From the Equipping Ministry Center
“What’s in a name?
The names we are given and that we choose to accept tend to shape us and form us, for better or worse. Last week in worship we were reminded of our baptisms (or encouraged to look forward to being baptized) and that, like Jesus, we are called “beloved” by God. One name that we are given as faithful followers of Jesus Christ is the name “minister.” Yes, we are all in the ministry together, the ongoing ministry of Jesus, gifted and called to do the things Jesus does: loving, teaching, healing, feeding, welcoming, offering refreshment, clothing and visiting. What if we added this statement to our congregation-joining service, “As a disciple of Jesus Christ I understand that I am part of the priesthood of all believers and the ministry of all Christians. I am a minister among ministers of the Gospel, partners with Christ and this congregation in discerning needs, initiating and doing the ministries to which I am being called according to my spiritual gifts, and in supporting the ministries of others, our congregation, and our denomination."

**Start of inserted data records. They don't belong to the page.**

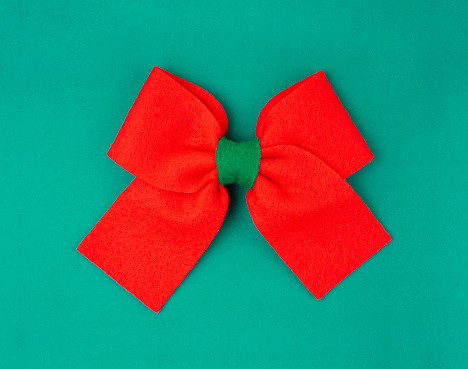 Red gift bow on green background.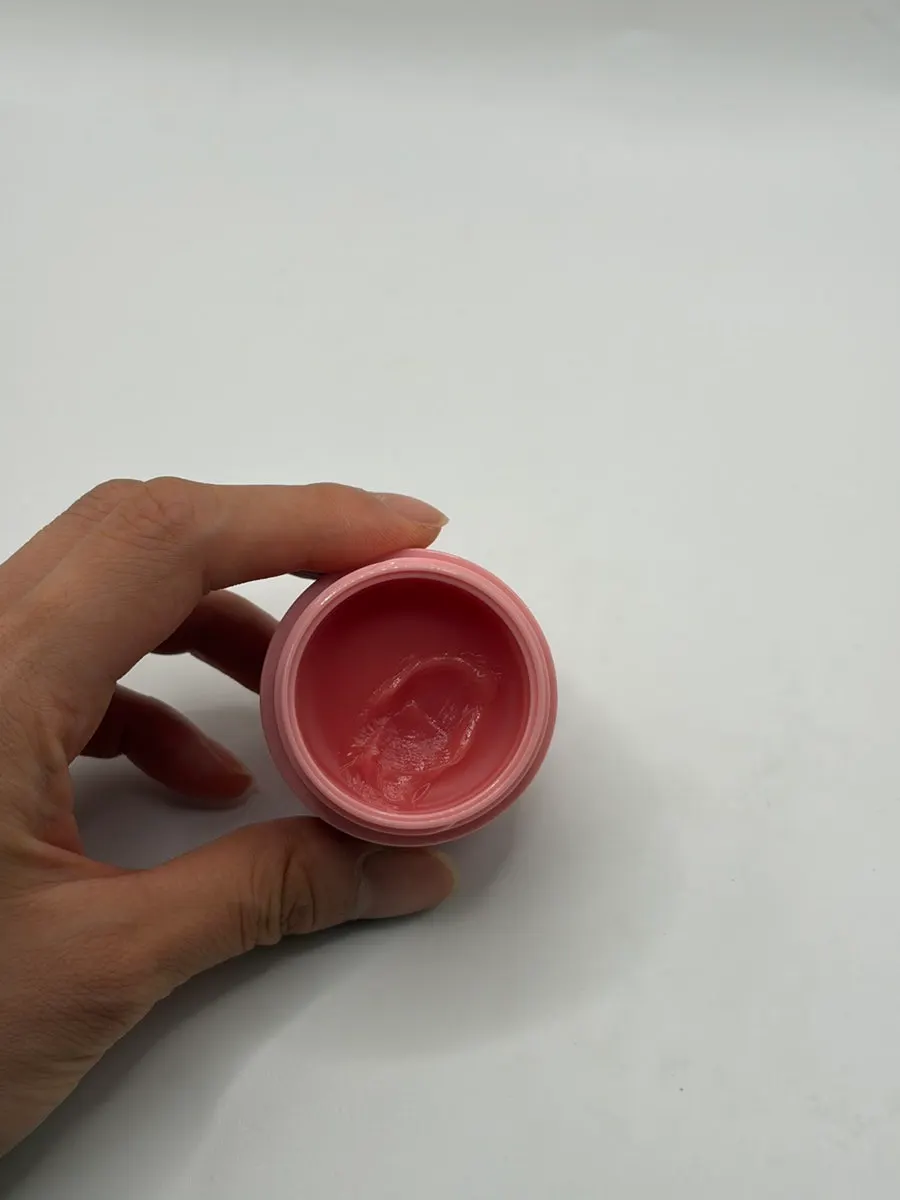 Durgent Lip Mask with a cherry-colored balm texture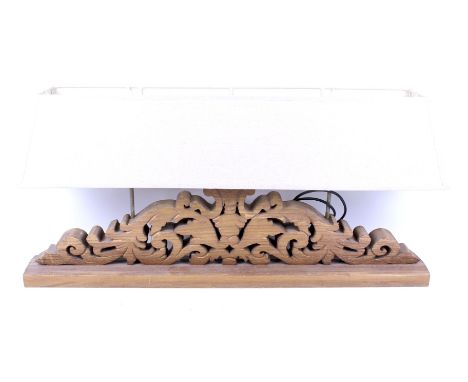A modern carved wooden table lamp. Pierced frieze, raised on a rectangular plinth with three lights and a single shade. H47cm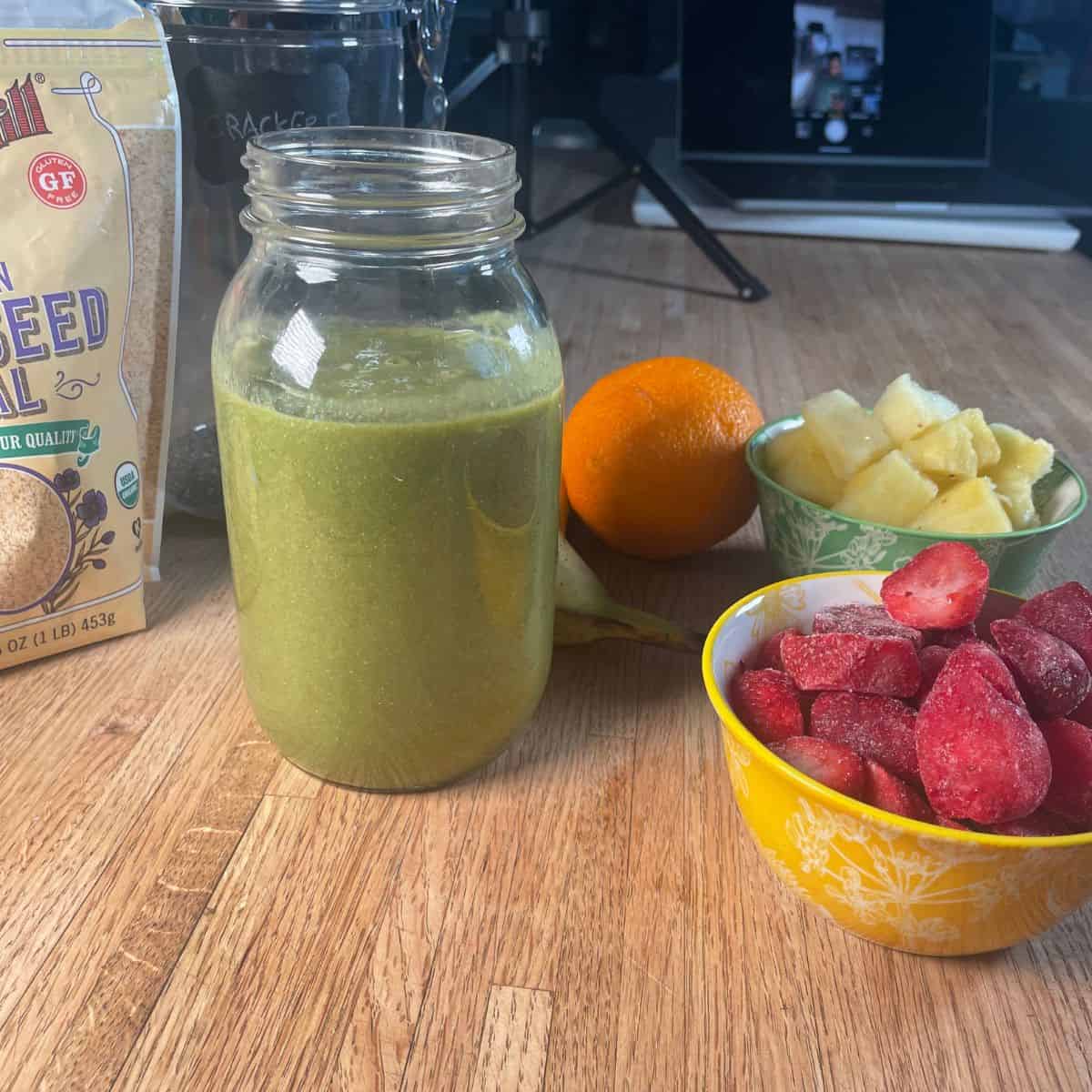 Fresh green smoothie with pineapple, strawberries, and orange on a wooden table.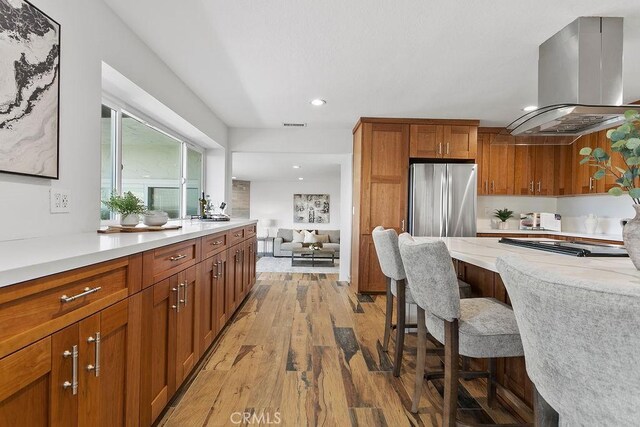 kitchen with island range hood, stainless steel refrigerator, a kitchen breakfast bar, black electric stovetop, and light hardwood / wood-style flooring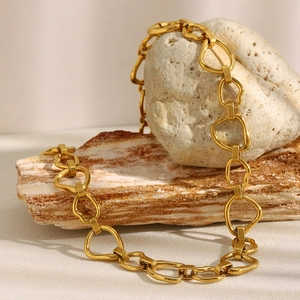 Close-up of 18K gold-plated chunky chain necklace on natural stone display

You may notice some changes in the way we identify our staff, those people we look to for guidance and support as we discover and live into our calling as ministers and find ways of serving according to our gifts and the needs around us. Instead of a “title” the paid staff is identified in the bulletin, the newsletter, and the website by the areas of ministry they help shepherd. It’s one step in lowering the lay/clergy divide and move us beyond the staff/volunteer designations that perpetuate a hierarchy of ministry. We are all in this together, and we are all ministers.
The word “laity” comes from the Greek word “laos” which means “all of the people,” in our case as the church, “all the people of God” and “all the followers of Jesus.” So, clergy (folk with “Rev.” in front of their name) and paid staff are part of the laity.
Old habits are hard to break. It will take us awhile for all of us to both see ourselves as ministers and accept that role from each other. But we are on the way. Embrace the name and the role. When I was an editor at the United Methodist Publishing House we’d host an annual writers conference to develop new writers for curriculum and magazine articles. These folks were not professional writers. They were experienced in some area of ministry who were willing to become writers. From the minute we welcomed them to the conference we called the “writer.” Their nametags designated them as a “writer.” Their training materials designated them as “writers.” They were listed as writers in published magazines and study books. So many of them told us that they grew into their name and actually became what we consistently called them, writers.
Embrace the name and the role of minister. And let’s continue to be about the works of ministry to which we are all being called and equipped.